Saturday 28 February 2015

Kate Rowan: What does 2013 hold for Irish rugby?

Published 28/12/2012 | 14:30

Craig Gilroy celebrates with Jonny Sexton after score Ireland's first try during the Autumn International against Argentina at Lansdowne in November.
24 November 2012; Craig Gilroy, Ireland, celebrates after going over to score his side's first try with team-mate Jonathan Sexton, right. Autumn International, Ireland v Argentina, Aviva Stadium, Lansdowne Road, Dublin. Picture credit: Stephen McCarthy / SPORTSFILE

Brightest hope for Irish rugby

THIS time last year there were calls for Declan Kidney to break away from his hallmark conservatism to infuse the international rugby squad with young blood.

There was enough fresh-faced youth in the camp, if the Irish coaching and management staff had wanted to try a creative approach to team bonding by forming a boy band - they could even bust out their own version of One Direction’s “Live While We’re Young”.

The catchy tune may be about the heady excitement of young love but there was a certain eager anticipation from some of the usually more world weary members of the travelling Irish media ahead of the first test against New Zealand about Kidney’s more daring than usual selection that included Munster’s Simon Zebo making his test debut on the wing on what turned out to be an ill-fated night.

The injection of youth did prove fruitful in the uncapped test against Fiji in Thomond Park with Craig Gilroy, Paddy Jackson and Luke Marshall all sending out portents of possibly stellar futures.

A week later against Los Pumas, 21 year-old Gilroy was the star of the show, scoring the opening try and prompting much media hyperbole.

The problem with the boy band analogy is that it just tends to lend itself to stereotypes involving backs.

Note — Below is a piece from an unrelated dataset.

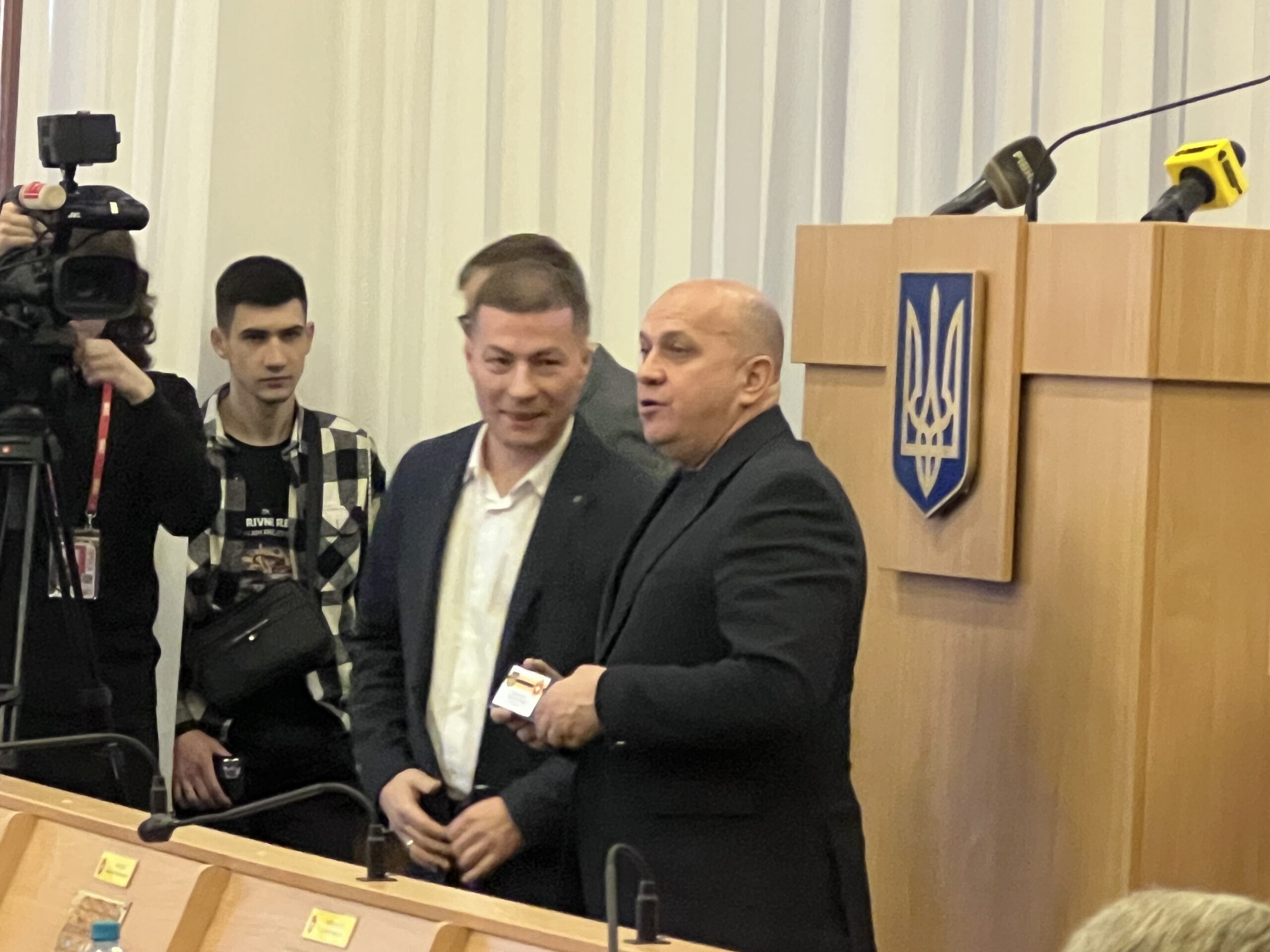 Головлікаря Рівненської дитячої лікарні зареєстрували депутатом 0000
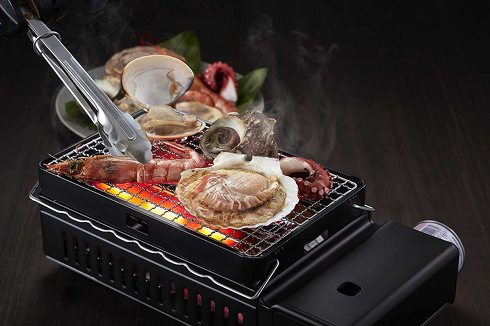 岩谷産業「カセットガス炉ばた焼器 炙りや2 CB-ABR-2」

This was also a good year for fostering forward talent. It is hard to believe that after appearing in nine out of Ireland’s ten tests in 2012 that Peter O’Mahony made his debut only last February against Italy and turned 23 only in September.

Good omens were abound for generation next of Irish rugby as we add names such as Dave Kilcoyne and Iain Henderson into the test mix with composed debuts as well as in some eyes the more controversial debuts of Richardt Strauss and Michael Bent.

Let us not forget that at the start of the Six Nations, Dave Kearney sat on the bench against the Welsh. Along with Leinster teammate Ian Madigan may be hoping at the least to be included in the summer tour to North America.

Outburst of the year

It might just be a tad harsh to tar Australian outhalf Quade Cooper as a Prima Donna but that is how some perceived the 24 year old after he lashed out on twitter, describing the current Wallabies environment under head coach Robbie Deans as “toxic”.

This led to quite a saga surrounding Cooper’s future in rugby union; this was put to bed after he signed a new contract with the ARU earlier this month.

Yet Cooper was keen to show where his affections lay, when tweeting the good news of his new deal, he posted a photograph of himself not in the national side’s gold but in Queensland red.

This public loyalty of club over country is something that is more reminiscent of soccer than rugby star. Cooper was both composed and articulate when he appeared on Fox Sports Australia both defending his controversial comments. There were also more shades of the professional football on show.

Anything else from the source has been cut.